If you can't see this, I have to seriously question your competence as an engineer in the first place tbh.

"We already do this today with human-written code. I review some code very closely, and other code less-so. Sometimes I rely on a combination of tests, familiarity of a well-known author, and a quick glance at the code to before saying "sure, seems fine" and pressing the green button. I might also ask 'Have you thought of X' and see what they say.

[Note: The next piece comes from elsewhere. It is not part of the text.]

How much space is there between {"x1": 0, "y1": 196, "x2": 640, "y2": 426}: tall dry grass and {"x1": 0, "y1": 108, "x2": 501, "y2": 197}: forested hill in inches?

Trusting code without reading all of it isn't new, we're just now in a state where we need to review 10x more code, and so we need to get much better at establishing confidence that something works without paying human attention all the time.

We can augment our ability to write code with AI. We can augment our ability to review code with AI too."

Later he goes onto suggest that confidence is built via TDD. Problem is... if the AI is generating both code and tests, I've seen time and time again both in internal projects and OSS projects how major assumptions are incorrect, mistakes compound, etc.

3 comments

LLMs also try and find short cuts to get the task done, for example I wrote some code (typescript) for work that had a lot of lint errors (I created a pretty strict rule set)

And I asked codex to fix them for me, first attempt was to add comments to disable the rules for the whole file and just mark everything as any.

Second attempt was to disable the rules in the eslint config.

It does the same with tests it will happily create a work around to avoid the issue rather than fix the issue.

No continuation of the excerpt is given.